故に、彼女がこのような行動を取るのは必然といえた。
「クスクス。」
笑われた事に我を忘れた二人は、掴みかからんとレイアに詰め寄る。
そして、あと少しの所で地に這いつくばる事となる。
本人達は、何が起き、何故自分が地に這いつくばっているのかわからないといった表情だ。

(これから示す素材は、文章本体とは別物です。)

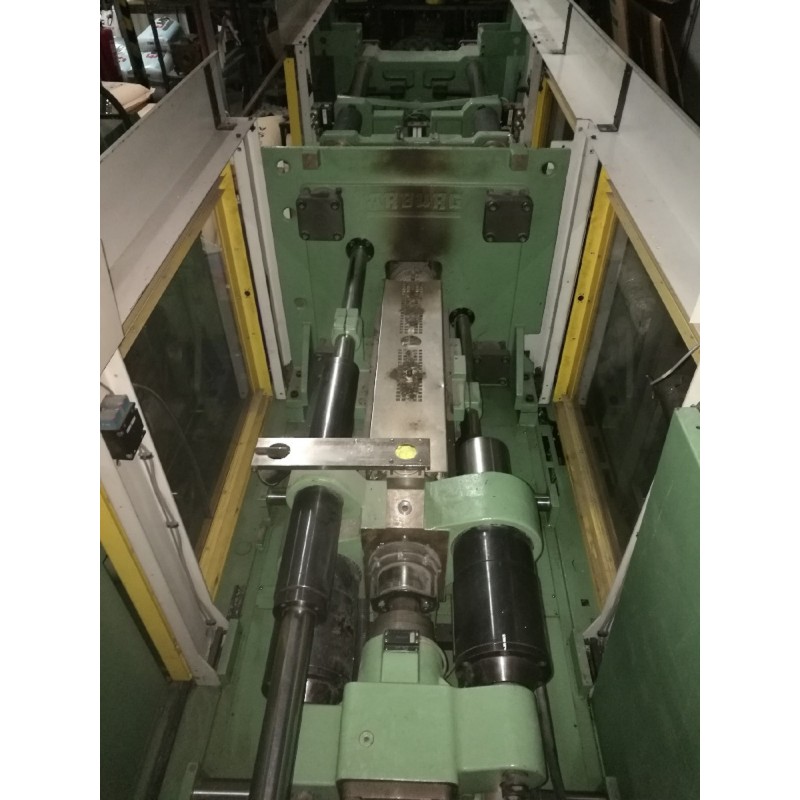 ALLROUNDER 520C 2000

「他国の方が見えるパーティーでこのような行動を起こされるなど、程度がしれますよ?」
二人を倒したラシュクルドは、パーティー会場へ入ってきた騎士達の邪魔にならないよう二人から距離を取る。
騎士達は二人を拘束していく。
「貴様ら、俺を誰だと思っている! このような事をして、ただで済むと思っているのか!」
「お前達、何をしているかわかっているのか!」
二人の拘束が終わる頃、リリアと取巻き達も騎士に囲まれていた。
「皆様、お騒がせして申し訳ありません。そして、先程発表についてですが、我がライアーノ家は、そこにいるハボックを廃嫡し、娘のレイアへ侯爵の座を譲ります。」
「な!?」
驚きのあまり、ハボックは固まってしまう。
「そして、我が王家は、第一王子であるレオナルドを廃嫡し、第二王子であるユーノを時期国王とし、成人と同時に王座を譲る!」
「何だと!」
第一王子、レオナルドもまた、驚いて声を上げる。
「父上! 何の冗談ですか!」
「冗談だと? それはこちらの台詞だ! そこにいる平民の娘の戯言を鵜呑みにし、ろくな調査もせずレイア嬢を糾弾し婚約を破棄した貴様のような愚か者に王座を譲っては、ご先祖様に顔向けが出来ん!」
「戯言だと!?」
「その通りだ! その娘が受けたという嫌がらせなど、レイア嬢は一切関与していない。それどころか、そのような嫌がらせ自体起きていない。その娘の虚言だ!」
レオナルドはリリアを見るが、リリアは顔を真っ青にして、今にも倒れそうだ。
「この件に関わった者全てに、追って処分を言い渡す。この者達を連れて行け。」
国王が命じると、騎士達は抵抗する取巻き達を連れて会場から出ていく。
「お騒がせいたしました。それでは、引き続き、料理をご堪能くださいませ。」
エリックの言葉に、何とも言えぬ空気の中、パーティーは再開された。